These displacements are sometimes so easily reduced by mere pressure as to make it almost impossible to retain them. At other times anesthesia with firm pressure, accompanied by flexion of the trunk backward or forward, may be required; reduction has been possible sometimes only through incision and by the use of instruments applied as levers, or by the use of a screw driven into one of the fragments, thus affording a handle by which to manage it. Serious dislocations are frequently accompanied by fractures of the ribs or of the sternum. The same fixation of the thorax is required as in fractures of these parts, and should be conducted in the simplest manner possible.

DISLOCATIONS OF THE RIBS.

To displace a rib from its sternal connections requires actual fracture of bone or cartilage. Forward dislocation at its posterior and spinal connection, especially of the eleventh and twelfth ribs, has been described. Considerable effort is necessary for its production, and the case should be treated on its individual merits.

DISLOCATIONS OF THE CLAVICLE.

Either end or both ends of the clavicle may be dislocated. Its sternal end may be thrown in any direction but downward; its acromial end in any direction, although usually upward. Dislocations of the sternal end can only occur in consequence of serious damage to the sternoclavicular ligaments, because of which, and in the absence of a socket, it is extremely difficult to maintain the parts when restored to position. Violent backward traction upon the shoulder permits anterior displacement when the joint is thus weakened. Backward displacement is usually the result of indirect violence when the shoulder is forced forward and inward, while upward displacement is the result of tilting which occurs when the shoulder is violently depressed. Respiration is generally more or less disturbed, while in backward luxations deglutition may be made difficult and painful.

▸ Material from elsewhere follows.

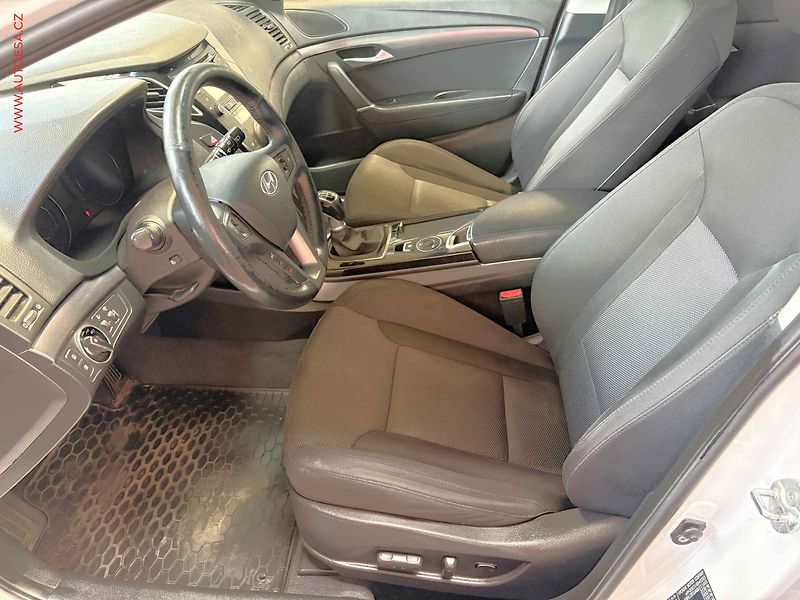 Hyundai i40 (2016) 1.7 CRDI, ČR, servis.kniha - fotka 9 z 17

Reduction is not difficult to effect, but extremely difficult to maintain. Pressure in the proper direction, accompanied by traction upon the shoulder, suffices for the former. For the latter there should be a combination of fixation of the shoulder and arm with proper traction, and at the same time pressure upon the end of the clavicle. For all of the clavicular dislocations the dressing and position advised by Dr. Moore, of Rochester, and referred to in the chapter on Fractures as his double figure-of-eight, serves admirably for maintaining the proper position of the shoulder, while pressure can be made by a pad, retained either by adhesive plaster or by some further addition to the dressing itself. (See [p. 494].) Acromial dislocation is usually in the upward direction, and is produced by violence upon the shoulder, which has expended itself in rupturing ligaments rather than in fracturing the acromion process. The indication here is to keep the shoulder elevated by any dressing which will accomplish the purpose and the clavicle bound down.

Fig. 340

Position of clavicle in dislocation of sternal end upward.

Dislocation of both ends, i. e., complete loosening of the bone, occurs occasionally, in which case the indications already given are reinforced, while the difficulties of treatment are considerably aggravated. Here the shoulder should be kept upward, outward, and backward, and the clavicle retained by pressure or some other means.